He was a Soldier once….
by Cate Murway

“Poor is the nation that has no heroes.
Shameful is the nation that having them forgets.”

Often times the thing they never heard was 'Thank you for your service'. Not many heard that when they came back.
The Vietnam War was a prolonged, antagonizing struggle lasting from 1959 -1975 since there had been fighting in Vietnam for decades before the Vietnam War actually began.  The USA, along with the aid of the South Vietnamese had initially attempted to help prevent the spread of communism. President Lyndon Baines Johnson [1908-1973] escalated American involvement when he ordered the first U.S. ground troops to Vietnam in March 1965 after the North Vietnamese fired directly upon two U.S. ships in international waters in early August 1964, known as the Gulf of Tonkin Incident.
President Johnson’s goal for the U.S. involvement in Vietnam was not to win the war, but for our troops to bolster South Vietnam's defenses until they could take over. Without a goal to win, the stage was set for disappointment when the U.S. found themselves in a stalemate with the North Vietnamese and the Viet Cong.
It was a jungle war, mostly against the well-supplied Viet Cong who hid in the dense brush. US forces dropped Agent Orange or napalm bombs, large amounts of mixtures known as defoliants, to clear an area by causing the leaves to drop off or to burn away.
The enemy was stronger and better organized than our troops had been led to believe.

When Richard Milhous Nixon [1913-1994] became the new President in 1969, he had his own plan to end the U.S. involvement and the withdrawal of the troops began in July, although he had initially escalated our involvement and expanded the war into other countries, such as Laos and Cambodia, a move that created a myriad of protests, especially on college campuses.
More than any U.S. war since the Civil War, Vietnam divided America.
On July 2, 1976, Vietnam was reunited as a communist country, the Socialist Republic of Vietnam.

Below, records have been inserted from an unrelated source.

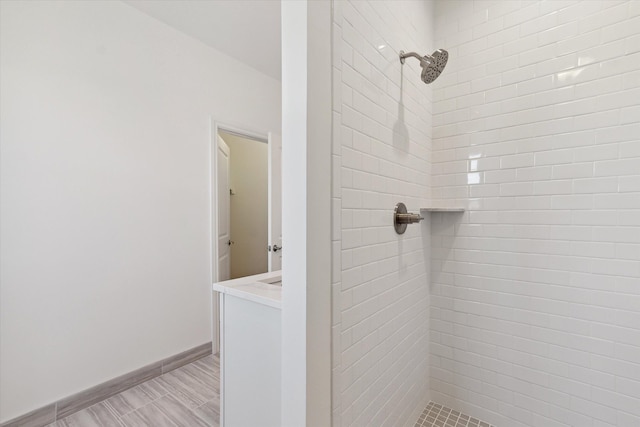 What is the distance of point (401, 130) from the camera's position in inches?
55.6

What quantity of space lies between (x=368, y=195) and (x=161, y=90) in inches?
74.7

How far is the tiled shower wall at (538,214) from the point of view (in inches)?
50.5

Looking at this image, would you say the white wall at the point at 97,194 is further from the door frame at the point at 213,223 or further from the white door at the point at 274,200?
the white door at the point at 274,200

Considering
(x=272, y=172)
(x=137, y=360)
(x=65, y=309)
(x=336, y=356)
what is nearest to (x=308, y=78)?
(x=336, y=356)

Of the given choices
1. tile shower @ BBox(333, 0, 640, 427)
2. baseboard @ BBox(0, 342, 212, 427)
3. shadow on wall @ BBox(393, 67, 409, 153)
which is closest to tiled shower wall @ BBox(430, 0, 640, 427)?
tile shower @ BBox(333, 0, 640, 427)

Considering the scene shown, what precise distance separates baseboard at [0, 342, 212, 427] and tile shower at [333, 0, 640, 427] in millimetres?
1685

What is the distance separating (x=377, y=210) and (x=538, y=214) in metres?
0.90

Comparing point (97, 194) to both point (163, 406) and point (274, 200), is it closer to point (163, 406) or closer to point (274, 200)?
point (274, 200)

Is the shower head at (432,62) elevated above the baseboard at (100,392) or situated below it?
above

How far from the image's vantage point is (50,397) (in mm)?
1658

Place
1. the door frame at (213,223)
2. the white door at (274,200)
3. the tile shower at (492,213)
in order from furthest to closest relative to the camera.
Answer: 1. the white door at (274,200)
2. the door frame at (213,223)
3. the tile shower at (492,213)

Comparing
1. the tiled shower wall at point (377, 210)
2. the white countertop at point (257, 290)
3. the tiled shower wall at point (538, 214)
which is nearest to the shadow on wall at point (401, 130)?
the tiled shower wall at point (377, 210)

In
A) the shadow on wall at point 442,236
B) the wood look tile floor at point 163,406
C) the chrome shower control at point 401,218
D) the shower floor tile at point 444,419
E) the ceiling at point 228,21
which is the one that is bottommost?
the wood look tile floor at point 163,406

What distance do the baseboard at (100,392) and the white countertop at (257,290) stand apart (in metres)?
1.30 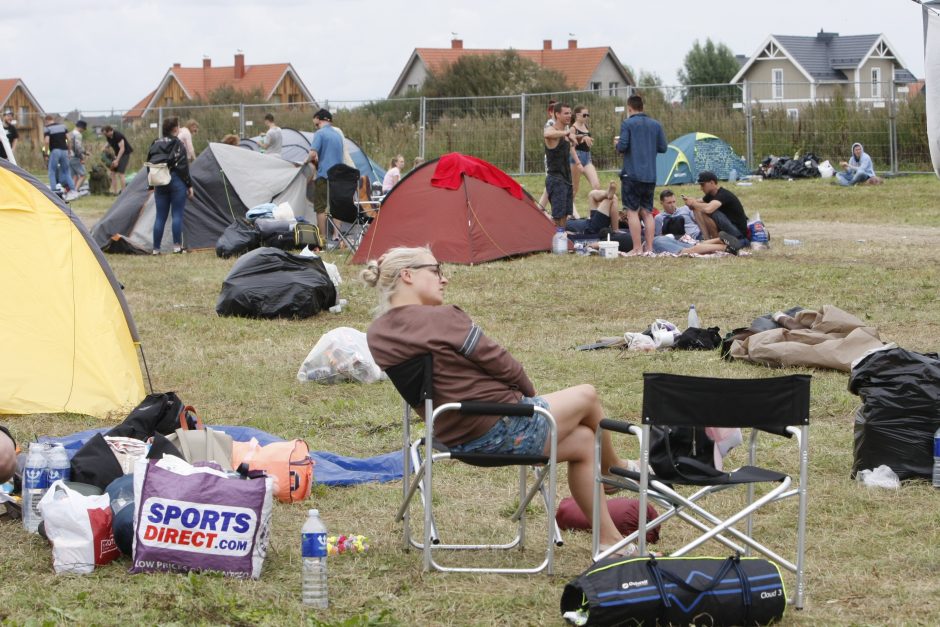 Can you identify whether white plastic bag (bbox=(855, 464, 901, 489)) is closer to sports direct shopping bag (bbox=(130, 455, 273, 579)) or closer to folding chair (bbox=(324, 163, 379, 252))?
sports direct shopping bag (bbox=(130, 455, 273, 579))

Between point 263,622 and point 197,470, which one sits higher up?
point 197,470

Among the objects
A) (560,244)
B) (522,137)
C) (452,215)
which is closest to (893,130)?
(522,137)

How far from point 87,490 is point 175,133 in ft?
35.6

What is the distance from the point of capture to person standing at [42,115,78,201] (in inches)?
904

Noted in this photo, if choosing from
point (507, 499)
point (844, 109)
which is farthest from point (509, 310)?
point (844, 109)

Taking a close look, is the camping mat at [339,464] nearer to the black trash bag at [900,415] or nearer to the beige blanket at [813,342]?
the black trash bag at [900,415]

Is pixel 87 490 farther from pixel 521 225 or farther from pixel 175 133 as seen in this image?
pixel 175 133

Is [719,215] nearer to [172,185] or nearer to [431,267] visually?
[172,185]

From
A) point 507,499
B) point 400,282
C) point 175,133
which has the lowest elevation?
point 507,499

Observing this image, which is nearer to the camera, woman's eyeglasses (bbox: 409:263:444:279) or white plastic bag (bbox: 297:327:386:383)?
woman's eyeglasses (bbox: 409:263:444:279)

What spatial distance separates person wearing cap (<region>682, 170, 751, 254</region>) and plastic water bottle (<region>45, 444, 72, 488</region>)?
9784 mm

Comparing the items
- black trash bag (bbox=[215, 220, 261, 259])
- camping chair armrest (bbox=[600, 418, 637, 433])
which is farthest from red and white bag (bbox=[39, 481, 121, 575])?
black trash bag (bbox=[215, 220, 261, 259])

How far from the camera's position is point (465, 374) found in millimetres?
4383

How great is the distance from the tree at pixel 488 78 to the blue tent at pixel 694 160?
22026 mm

Army Spec4 William Henry Fioravanti, BHS ’63 came home from Vietnam after serving for 11months and 22 days with battle scars much like those carried by any veteran returning home from war.
He shared especially painful memories in An Khe, Vietnam as the Switchboard operator.





















“Calls were coming through my board asking for 250 body bags and several hours later, they asked for another 250.”
The men’s bodies were just piled up. They were landing under mortar fire and many men died.
They worked eighteen hours a day, seven days a week and their families were halfway around the world.

Life had been so simple. As a youth, Bill, named for his maternal grandfather, William Arbuthnot, enjoyed street play, playing in the alleys and shooting marbles. His parents, USMC veteran, Louis Peter, Sr. and Sarah [Arbuthnot] Fioravanti had four children including Bill. His older siblings, Elizabeth Veronica “Betty” [Senator Joseph R. Grundy would “make a big fuss about my sister” when she was a little girl], and Army veteran Louis, who was employed by Jack Wichser Roofing & Painting, are deceased. He has fond memories of archery practice with his younger brother, Robert Joseph. Lou Favata taught them both to shoot a bow and arrow in vacant fields where the Lower Bucks Hospital now stands.

“Listening to the radio gave you an imagination.” He recalls hearing Navy/ Coast Guard veteran, Arthur Morton Godfrey [1903-1983], the American radio and television broadcaster and entertainer with the relaxed, informal style, nicknamed “The Old Redhead”. Another favorite program was the radio comedy series, Fibber McGee and Molly.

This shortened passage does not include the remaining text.